(DATA IN THIS EXERCISE)
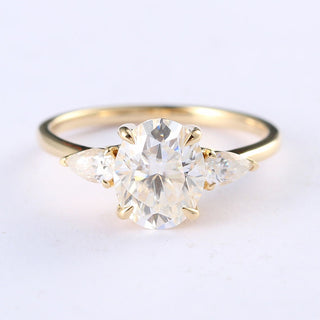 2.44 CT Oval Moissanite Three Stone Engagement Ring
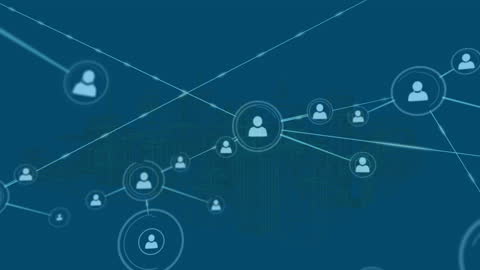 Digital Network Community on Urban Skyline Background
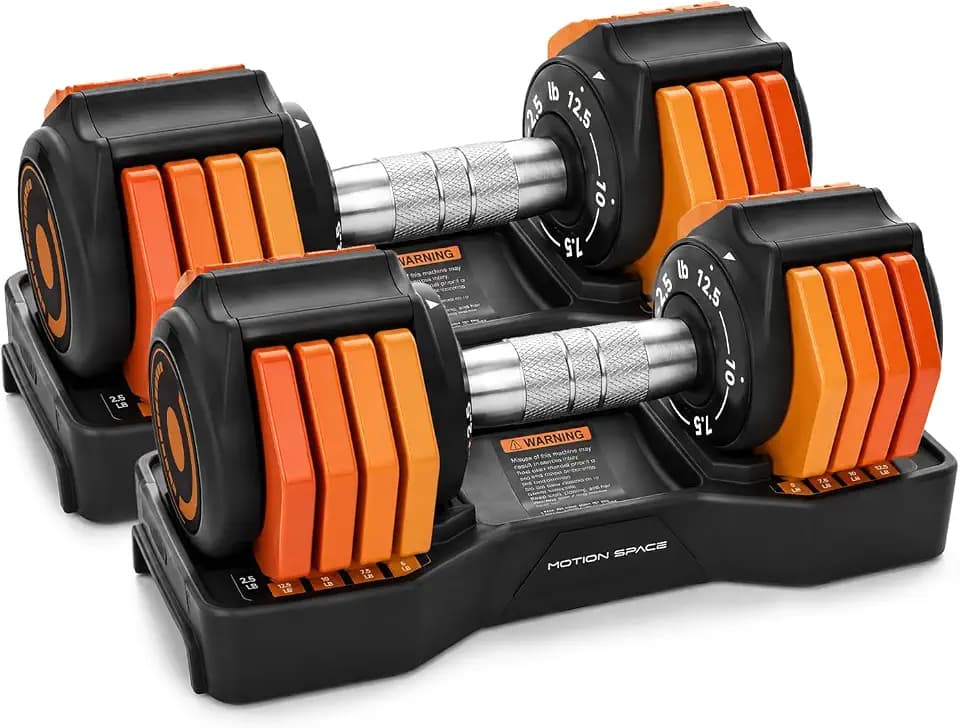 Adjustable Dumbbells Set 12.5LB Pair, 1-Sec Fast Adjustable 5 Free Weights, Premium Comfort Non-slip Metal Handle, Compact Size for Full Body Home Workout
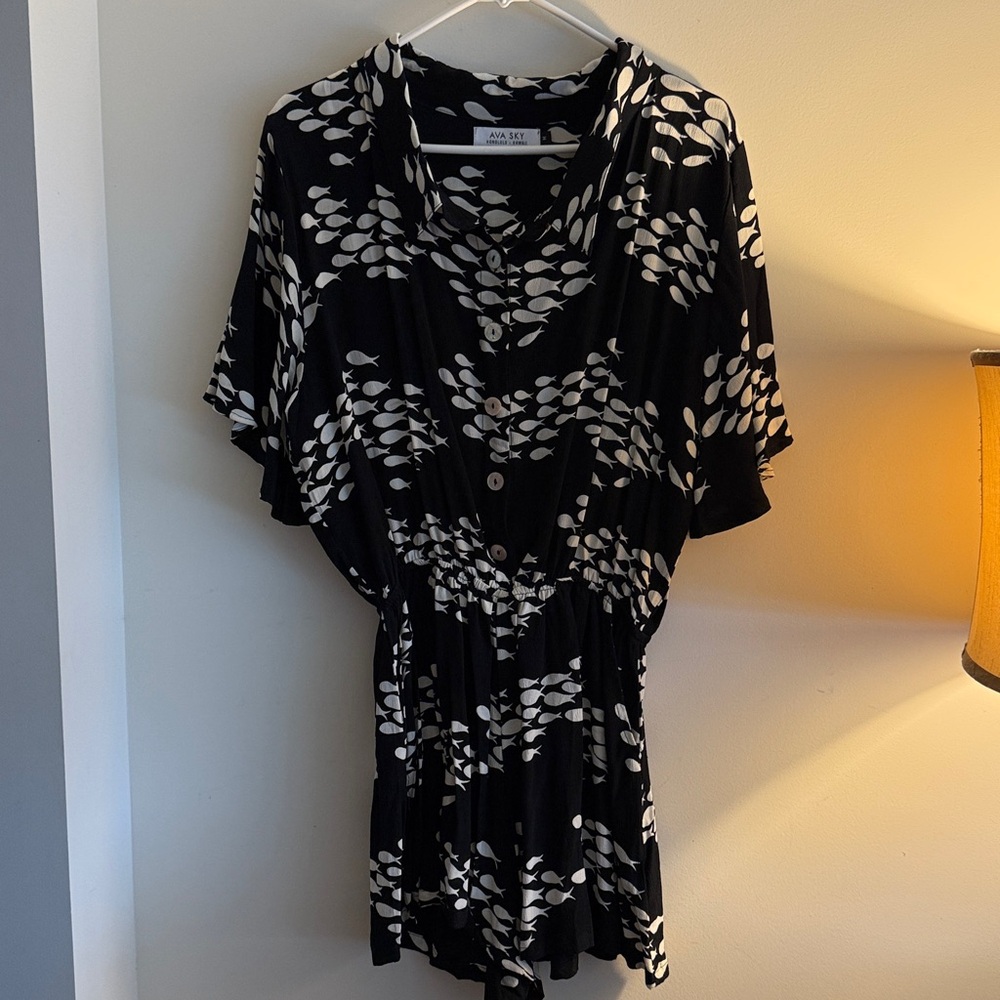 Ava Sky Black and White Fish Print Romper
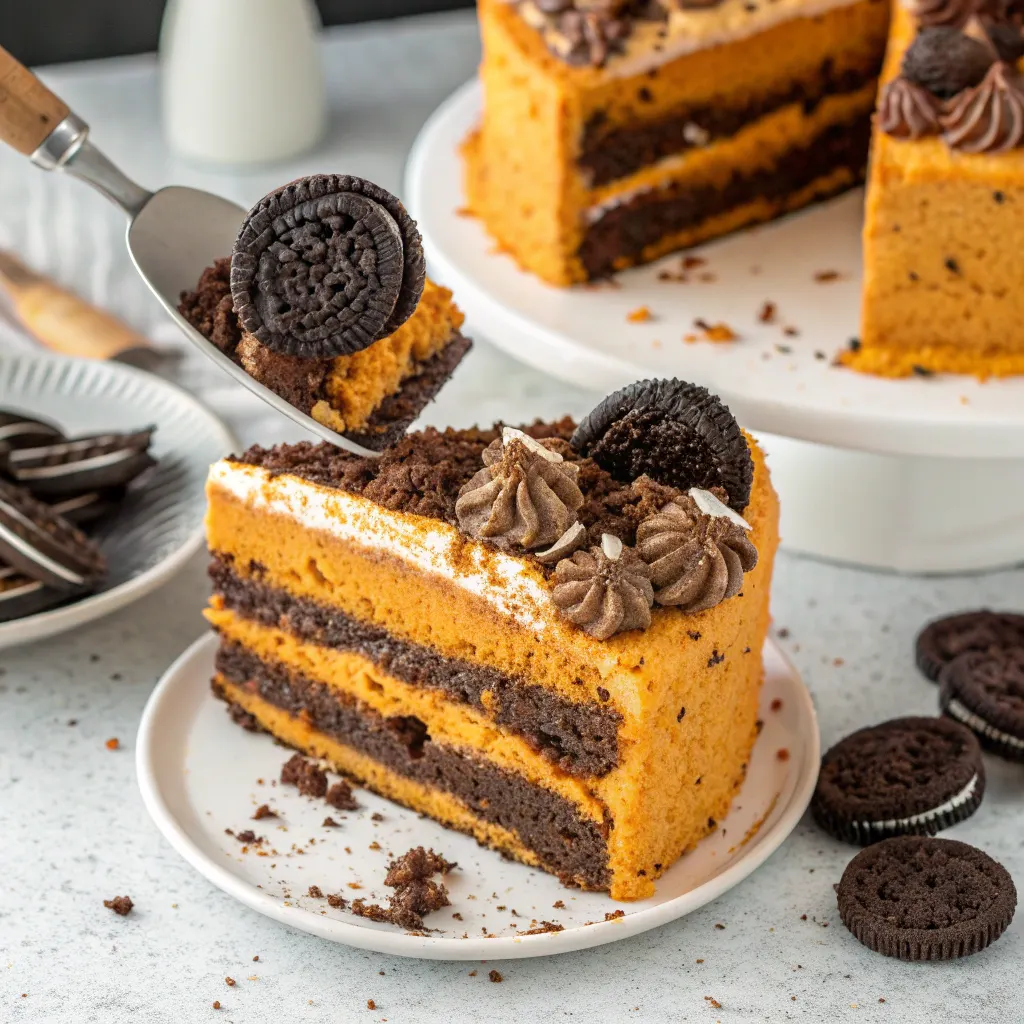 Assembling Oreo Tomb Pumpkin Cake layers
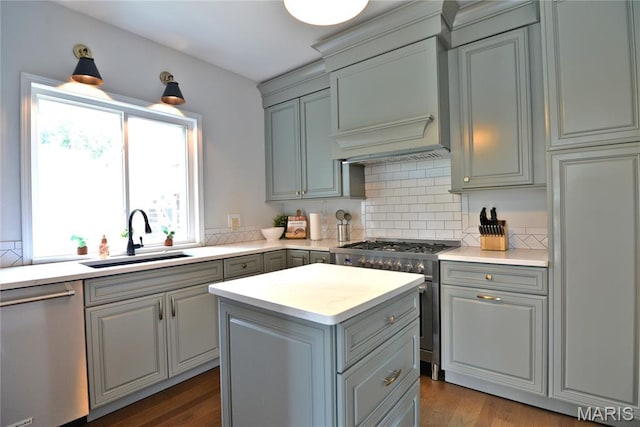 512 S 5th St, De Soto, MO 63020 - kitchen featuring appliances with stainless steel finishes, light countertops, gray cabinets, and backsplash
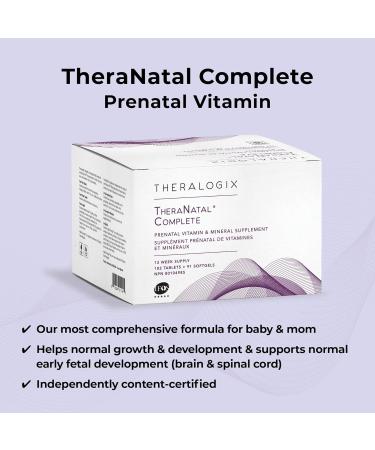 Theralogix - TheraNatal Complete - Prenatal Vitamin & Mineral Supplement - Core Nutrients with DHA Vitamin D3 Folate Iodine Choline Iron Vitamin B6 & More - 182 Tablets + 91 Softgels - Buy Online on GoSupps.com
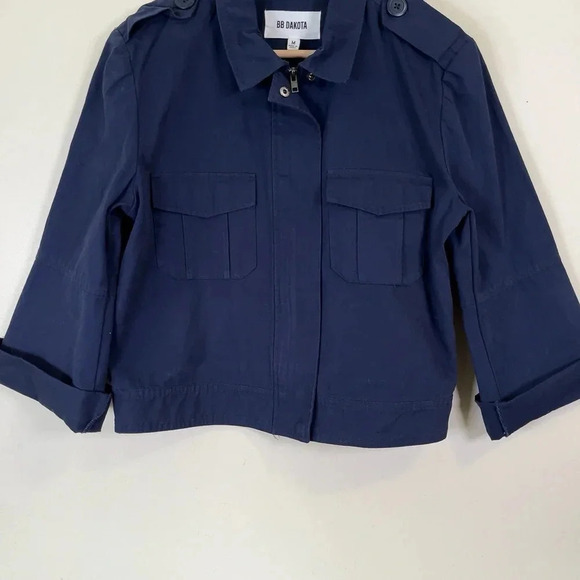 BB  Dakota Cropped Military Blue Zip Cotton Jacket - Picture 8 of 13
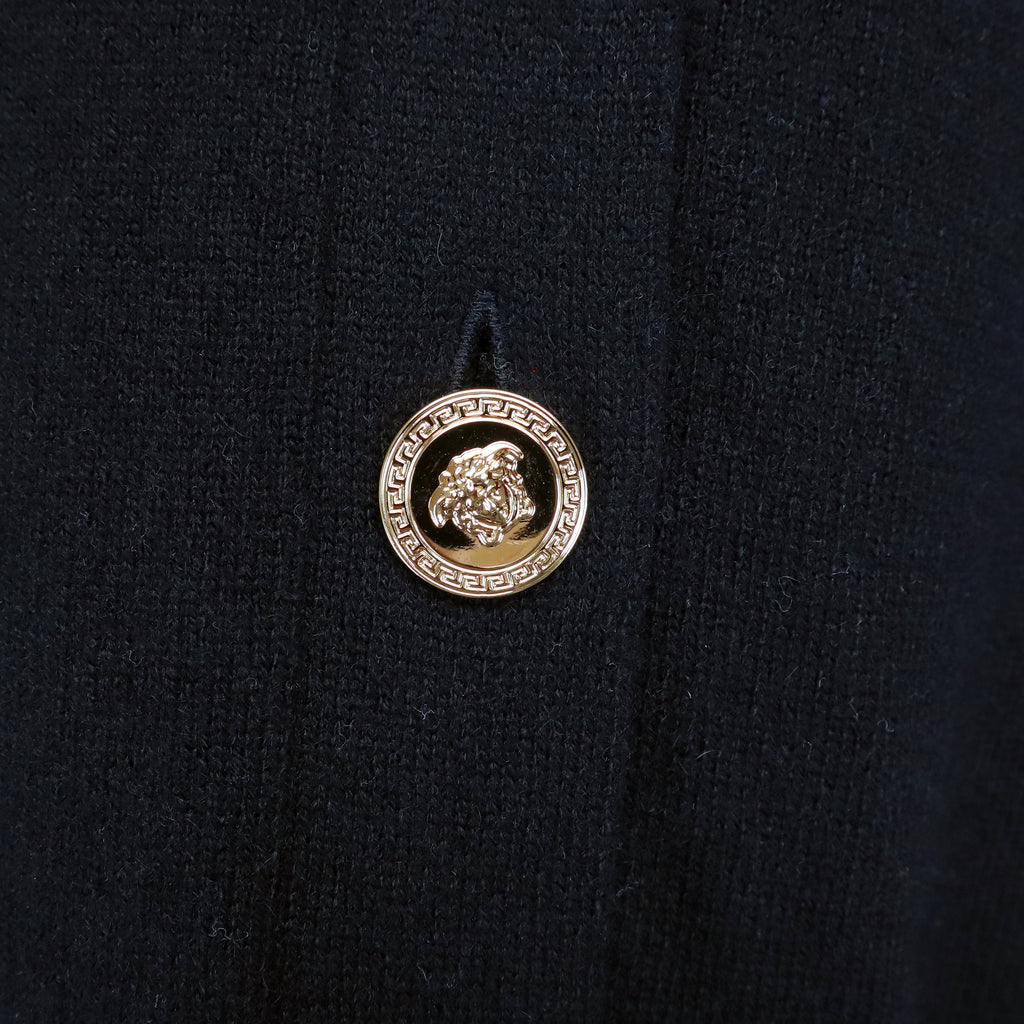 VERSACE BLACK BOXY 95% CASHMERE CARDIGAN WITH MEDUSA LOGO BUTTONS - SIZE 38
(End DATA IN THIS EXERCISE)
Give back exactly the lines from the one that contains "Digital Network Community" to the final line of the data above, both included, with all pictures removed.

 Digital Network Community on Urban Skyline Background
 Adjustable Dumbbells Set 12.5LB Pair, 1-Sec Fast Adjustable 5 Free Weights, Premium Comfort Non-slip Metal Handle, Compact Size for Full Body Home Workout
 Ava Sky Black and White Fish Print Romper
 Assembling Oreo Tomb Pumpkin Cake layers
 512 S 5th St, De Soto, MO 63020 - kitchen featuring appliances with stainless steel finishes, light countertops, gray cabinets, and backsplash
 Theralogix - TheraNatal Complete - Prenatal Vitamin & Mineral Supplement - Core Nutrients with DHA Vitamin D3 Folate Iodine Choline Iron Vitamin B6 & More - 182 Tablets + 91 Softgels - Buy Online on GoSupps.com
 BB  Dakota Cropped Military Blue Zip Cotton Jacket - Picture 8 of 13
 VERSACE BLACK BOXY 95% CASHMERE CARDIGAN WITH MEDUSA LOGO BUTTONS - SIZE 38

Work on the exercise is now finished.